A dire il vero, mi sentivo pronta per una vacanza non basata sulla gastronomia. Ecco perche’, quando ho deciso di partecipare ad un camping safari in Botswana di 11 giorni, mangiare era l’ultima delle mie preoccupazioni. Ero molto piu’ concentrata sull’esperienza naturalistica piuttosto che nel fare nuove scoperte culinarie. Sapevo che ci sarebbe stato un cuoco con noi, ma immaginavo che avremmo mangiato per lo piu’ fagioli in scatola e pure’ disidratato – piatti tipici da campeggio. Ma mi sbagliavo di grosso.
Usando solo 3 pentole di ghisa e il fuoco dell’accampamento, il nostro cuoco – Titi – ha preparato ogni giorno pasti creativi, elaborati e di piu’ portate. Ricoprendo una pentola di braci e trasformandola quindi in un forno improvvisato, ha servito anche pane e torte fresche fatte al momento. Facendo rifornimento ad ogni cittadina o villaggio che abbiamo incontrato, Titi ci ha deliziato con piatti a base di prodotti locali, ad esempio kudu e impala. Uno dei piu’ memorabili secondo me e’ stato lo stufato di coda di coccodrillo con peperoni e ananas.

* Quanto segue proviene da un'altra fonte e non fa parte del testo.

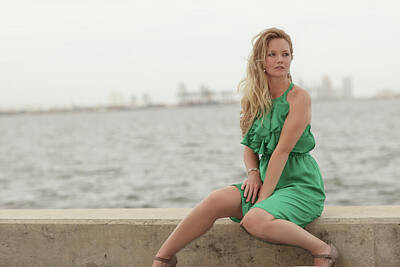 City Scenes Photos - Woman sitting by the bay in a green dress by Felix Mizioznikov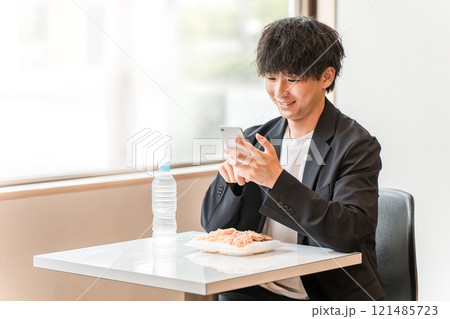 食堂・カフェでランチを食べながらスマホを見るビジネスマン・男性 食堂・カフェでランチを食べながらスマホを見るビジネスマン・男性 121485723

La qualita’ dei pasti e’ stata una grande sorpresa, talvolta messa in secondo piano dalle esperienze mozzafiato che la savana offre. Infatti, se da un lato parlo dell’aspetto culinario del viaggio, dall’altro non mi sogno nemmeno di descrivere cio’ che ho visto e provato nei diversi ecosistemi che ho attraversato. Ci sono centinaia di racconti, diari e romanzi al riguardo, film documentari e fotoracconti, ma nessuno di questi puo’ rendere giustizia alla varieta’ di sensazioni che si provano ad attraversare di persona queste terre vaste, antiche e misteriose. E’ stato un viaggio indimenticabile, che i panini freschi al mattino non hanno certo reso meno affascinante.
Bellissimo post Laurel, trasmette perfettamente l’emozione che hai provato.